* _EXERCISE GOAL_
Exact copies of the records below are needed, free of pictures.

(Brief descriptive captions)
((

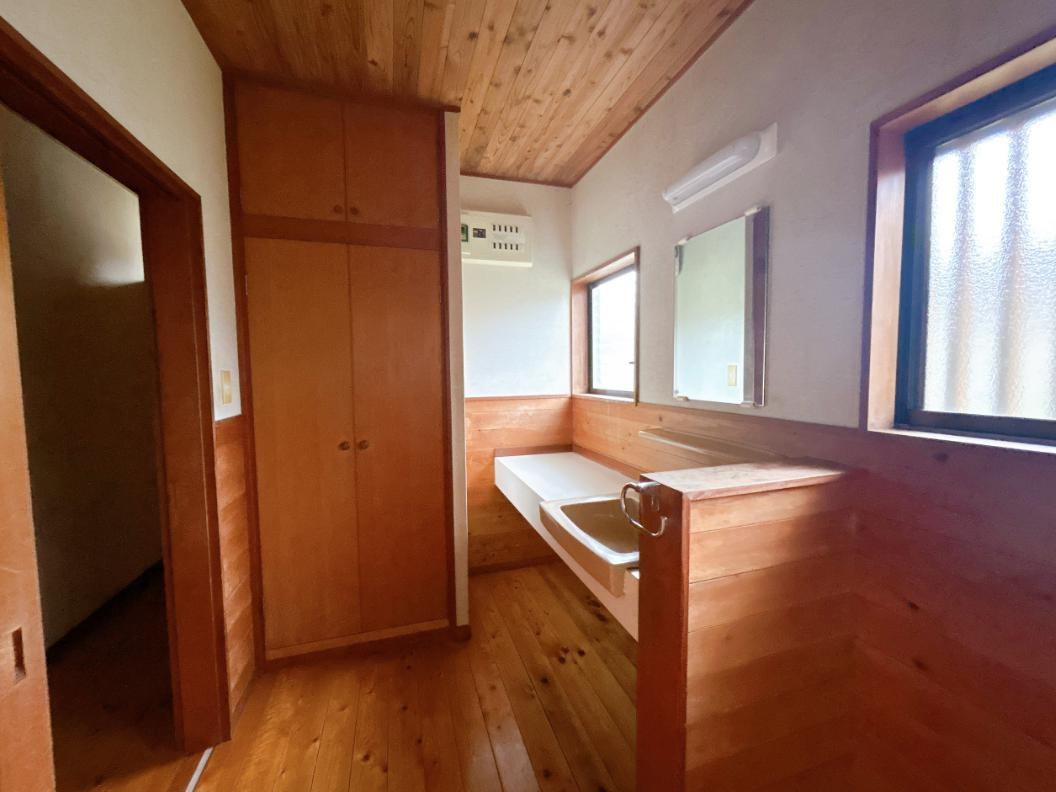 ひたちなか市大字馬渡　中古戸建の独立洗面台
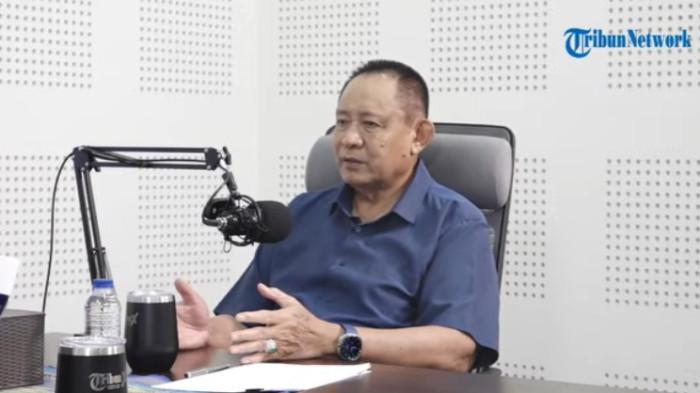 TRIBUN PODCAST -- Gubernur Gorontalo, Gusnar Ismail hadir dalam program siniar Tribun Podcast, Rabu malam (22/4/2026). Program ini dipandu oleh Content Manager, Aldi Ponge.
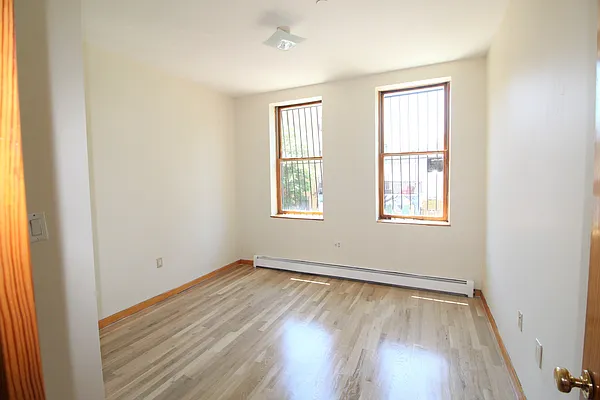 Rented by Compass | media 11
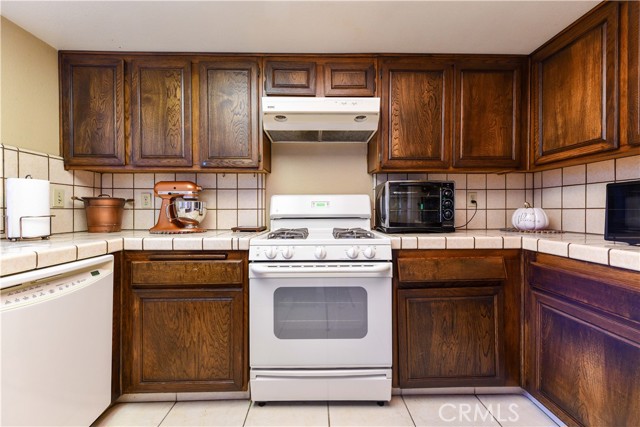 Detail Gallery Image 9 of 16 For 2890 Huntington #110,  Fresno,  CA 93721 - 3 Beds | 2/1 Baths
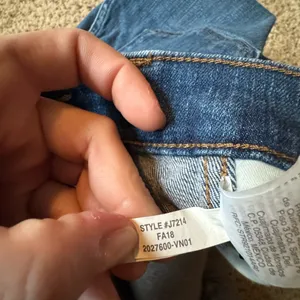 Madewell, size‎ 26, Slim Straight Jeans: Distressed Button-Front Edition thumbnail 14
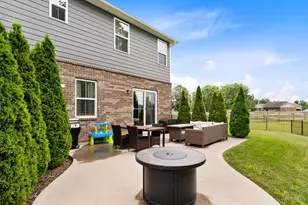 9475 Whispering Stream Ct, Clearcreek Twp., OH 45458 - Photo 37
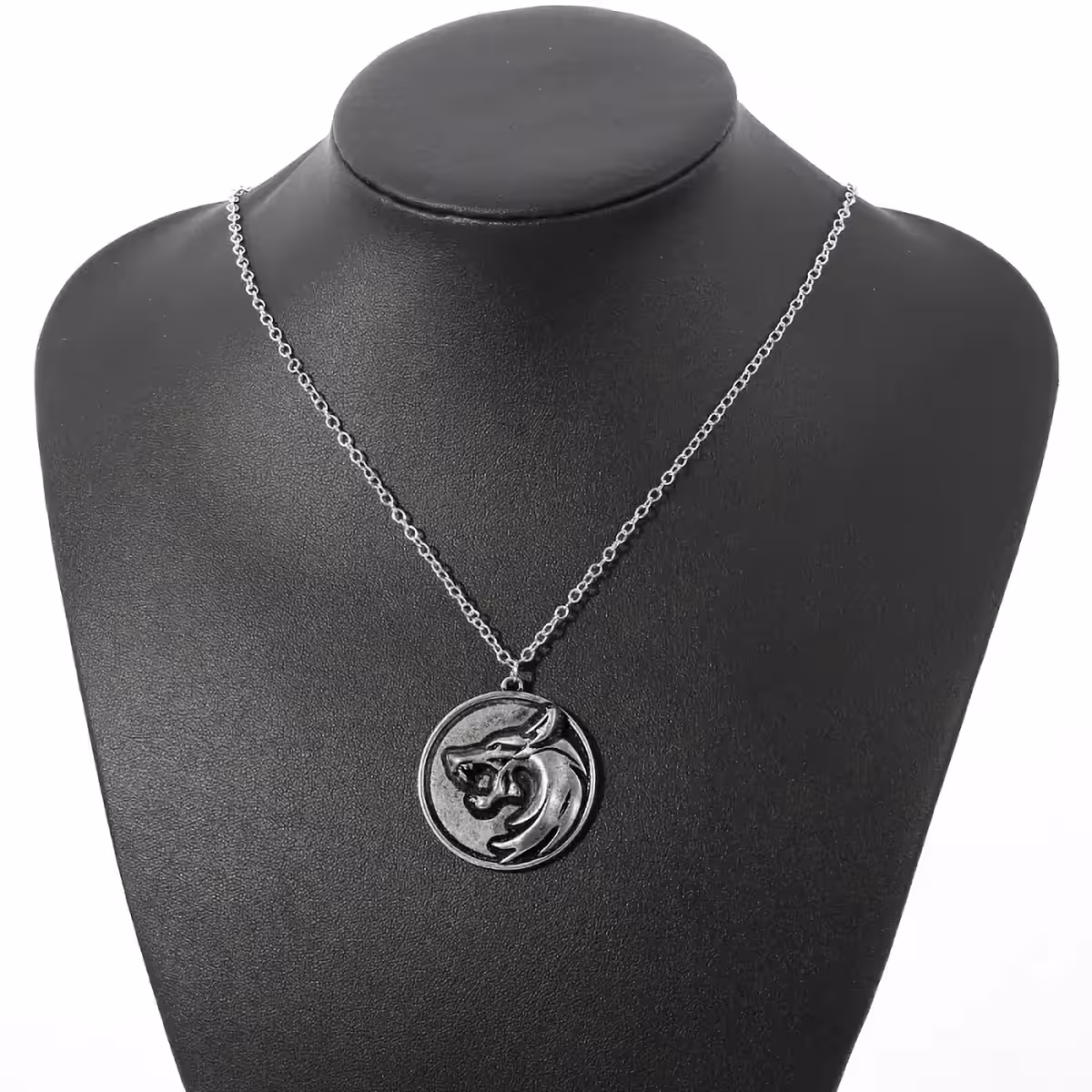 Przedmiot kolekcjonerski Wiedźmin – naszyjnik 50 cm i brelok 9,5 cm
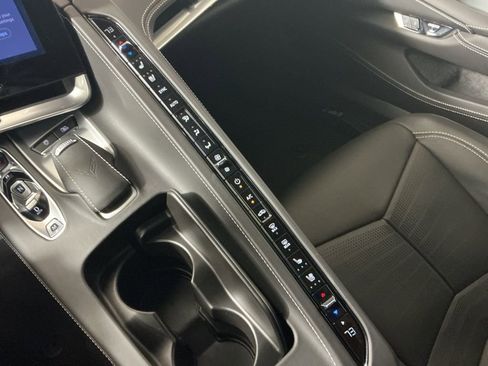 Used 2024 Chevrolet Corvette Stingray Premium Cpe image 14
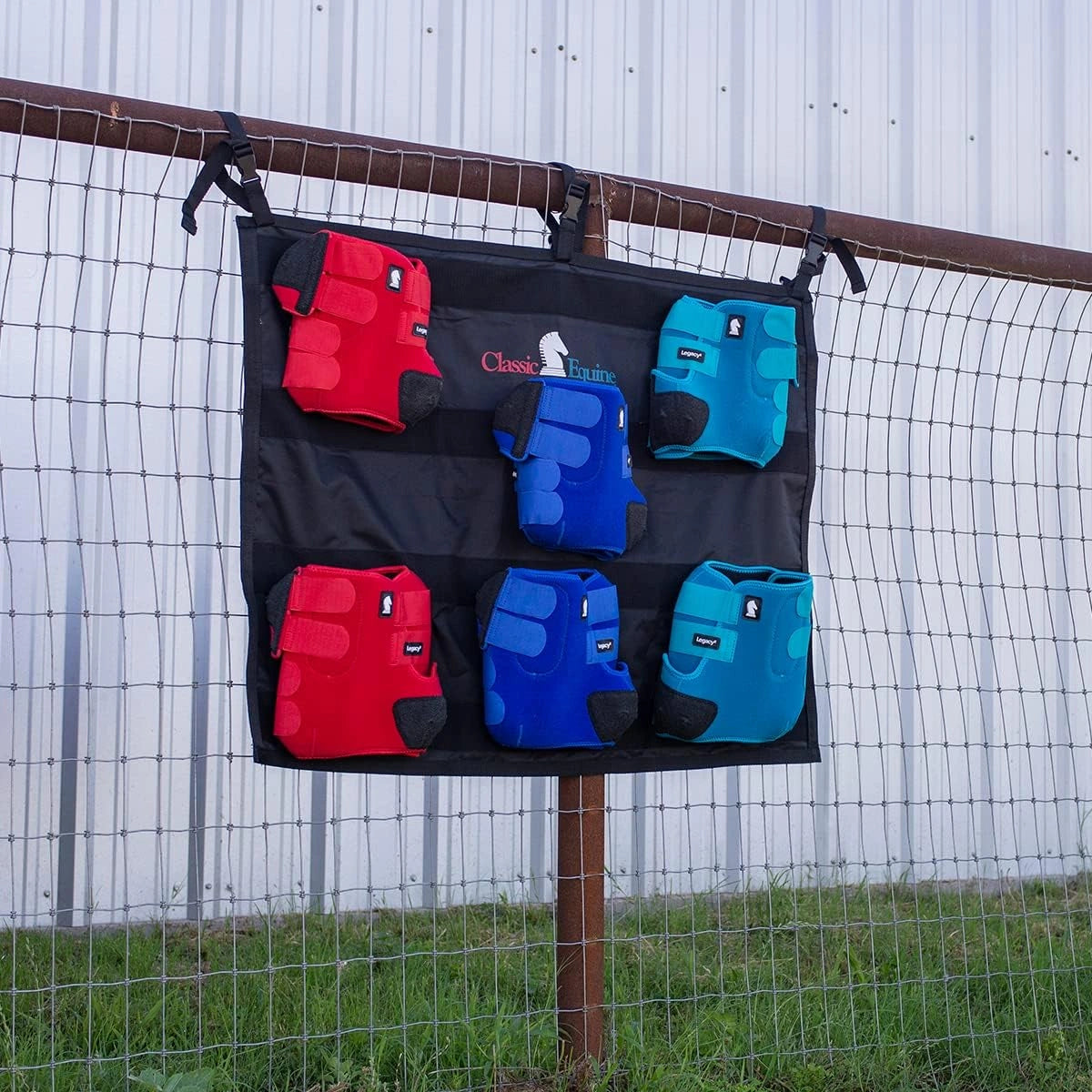 Classic Equine Hanging Wash Rack - Hooves and Paws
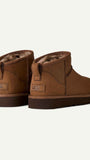 Classic Ultra Mini Boot aus Nubukleder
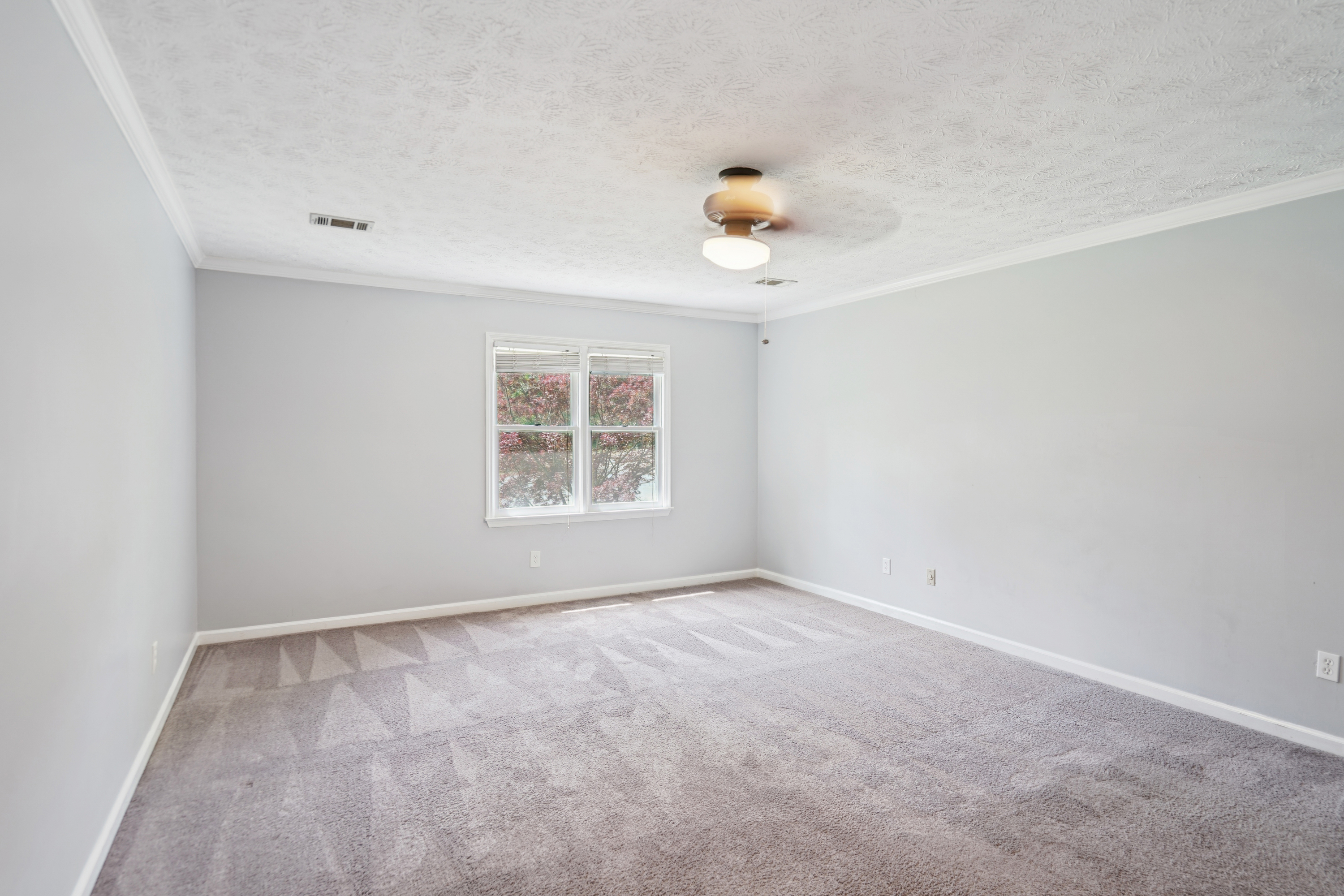 Photo 7 of 30 of 1172 Dogwood Forest Dr NE, Marietta, GA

))

* _SOLUTION FOR THIS EXERCISE_
 ひたちなか市大字馬渡　中古戸建の独立洗面台
 TRIBUN PODCAST -- Gubernur Gorontalo, Gusnar Ismail hadir dalam program siniar Tribun Podcast, Rabu malam (22/4/2026). Program ini dipandu oleh Content Manager, Aldi Ponge.
 Rented by Compass | media 11
 Detail Gallery Image 9 of 16 For 2890 Huntington #110,  Fresno,  CA 93721 - 3 Beds | 2/1 Baths
 Madewell, size‎ 26, Slim Straight Jeans: Distressed Button-Front Edition thumbnail 14
 9475 Whispering Stream Ct, Clearcreek Twp., OH 45458 - Photo 37
 Przedmiot kolekcjonerski Wiedźmin – naszyjnik 50 cm i brelok 9,5 cm
 Used 2024 Chevrolet Corvette Stingray Premium Cpe image 14
 Classic Equine Hanging Wash Rack - Hooves and Paws
 Classic Ultra Mini Boot aus Nubukleder
 Photo 7 of 30 of 1172 Dogwood Forest Dr NE, Marietta, GA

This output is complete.